Only children who were reported to have been sick with a febrile illness within 2 weeks before the household survey were included in this analysis. All analyses took into consideration the cluster sampling strategy through weighting, using the “svyset” command (with village of residence as the cluster) in Stata, version 14. Descriptive analyses of point estimates of indicators were conducted. Most variables are presented as proportions, disaggregated by survey year and severity of illness (danger sign versus no danger sign). Finally, multivariate logistics regression analysis was conducted to adjust for possible confounders and to determine differences between children with and without danger signs. The following variables were included in the multivariable logistics regression model: district of residence, household survey round, child age, child gender, and caregiver age and caregiver gender.

Ethics.

Ethical approval was obtained from Makerere University School of Public Health Higher Degrees Research and Ethics Committee (Number 548); from the Uganda National Council of Science and Technology (SS 4534) and from the Research Ethics Review Committee at the World Health Organization in Geneva (ERC.0003008). Written informed consent was obtained from all participants including the head of the household and the child caregiver before data collection.

RESULTS

Characteristics of the study population.

The number of children < 5 years reported to have had a febrile illness within the past 2 weeks amounted to 398 in 2018, 416 in 2019, and 547 in 2020. The mean age of these children was 2.5 years (SD = 1.4), and 52% were female. All the children had a fever, 46% had cough, and 19% had diarrhea during the reported illness episode (Table 2).

Table 2

Characteristics of children with any reported illness, 2 weeks before the survey

Survey
2018 2019 2020 Overall
Number of recently febrile children 398 416 547 1,361
Age (Mean, SD) 2.3 (1.4) 2.7 (1.3) 2.4 (1.4) 2.5 (1.4)
Sex (Female %) 54.6 51.7 50.3 52.2
District (%)
  Kole 23.1 25.0 19.9 22.6
  Oyam 51.5 48.8 54.8 51.7
  Kwania 25.4 26.2 25.2 25.6
Major signs and symptoms (%)
  Cough 51.3 49.3 38.7 46.4
  Fast breathing 2.5 3.6 1.5 2.5
  Diarrhea 21.6 16.7 17.8 18.7
  Danger signs (%)* 27.4 32.0 31.4 30.3
  Convulsions 2.3 2.3 0.4 1.7
  Unconscious/unusually sleepy 6.6 4.4 9.9 6.3
  Unable to feed or drink 10.4 7.8 5.0 7.7
  Vomiting everything 12.9 18.7 18.2 16.6

Prevalence of danger signs (any danger sign/total number of children). A child could have more than one danger sign. Therefore, total of the individual danger signs may be higher than the prevalence.

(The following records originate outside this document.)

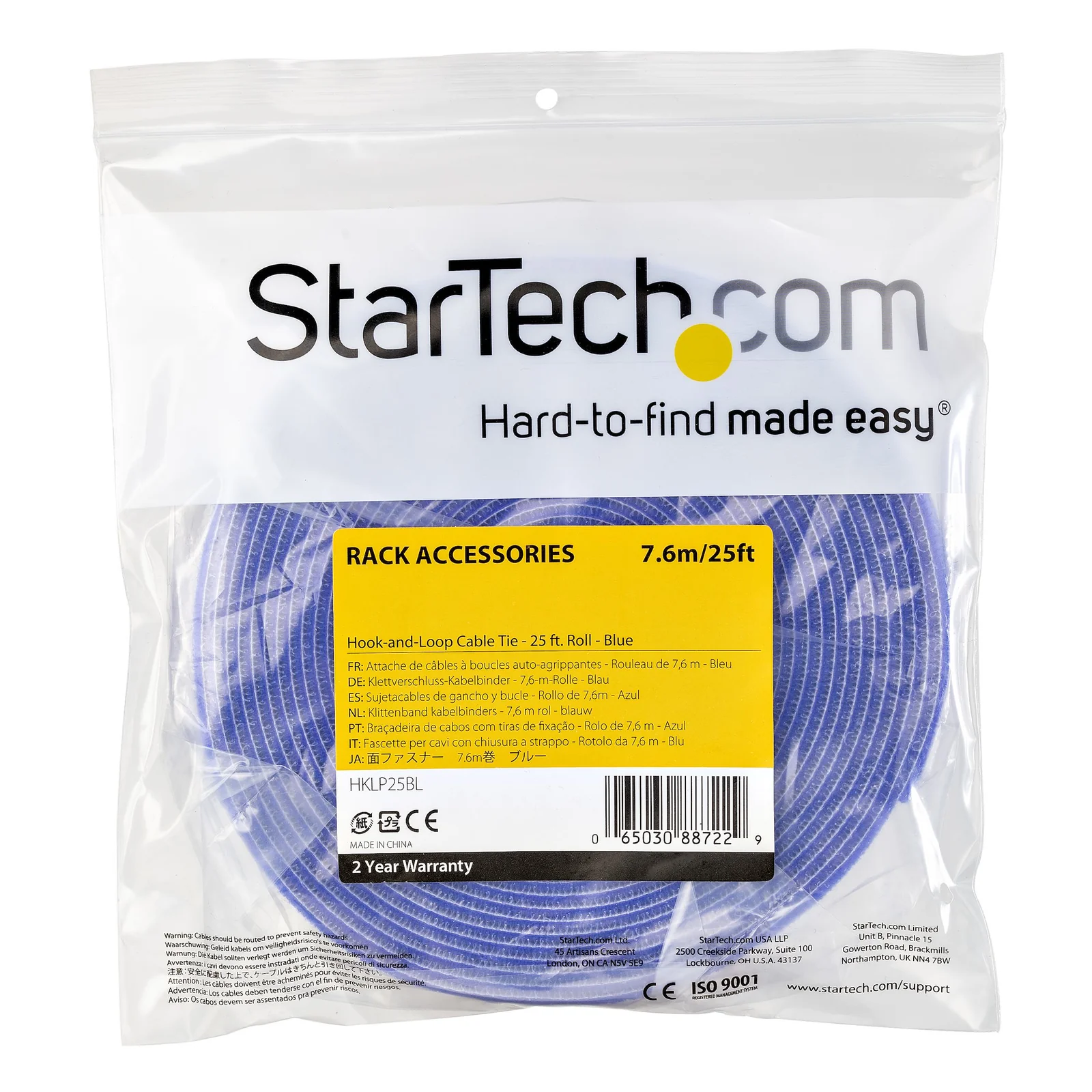 StarTech.com Ruban Auto Agrippant - Rouleau de 7,6 m pour Gestion de Câbles - Ruban Auto-Agrippant - Attaches Câble Ajustables - Sangles de Gestion de Câbles Auto-agrippantes et Réutilisables - Bleu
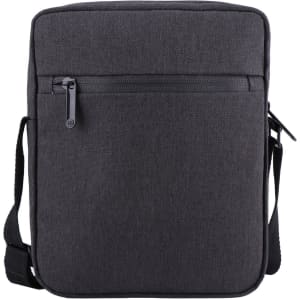 A black shoulder bag with a zippered front pocket and an adjustable strap. It has a logo on the front.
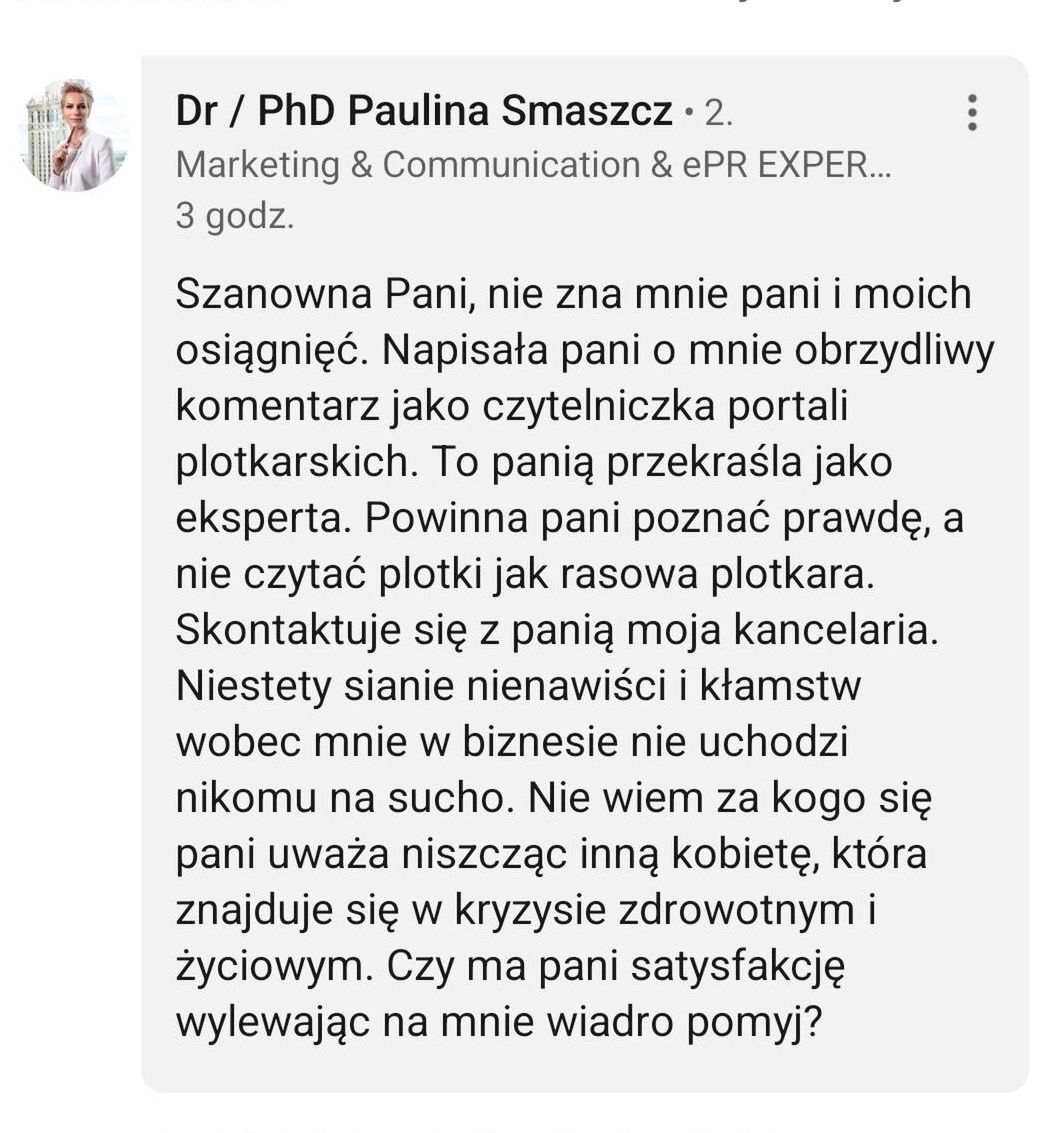 Wymiana zdań pomiędzy Pauliną Smaszcz, a Barbarą Krysztofczyk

Overall, 30% were reported to have had at least one danger sign of severe disease. These included about 2% with convulsions, 6% who were unconscious/unusually sleepy, 8% who were unable to feed or drink, and 17% who had been vomiting everything. See Table 2 for more details of the children in the study.

Care-seeking patterns for children with and without WHO-classified danger signs.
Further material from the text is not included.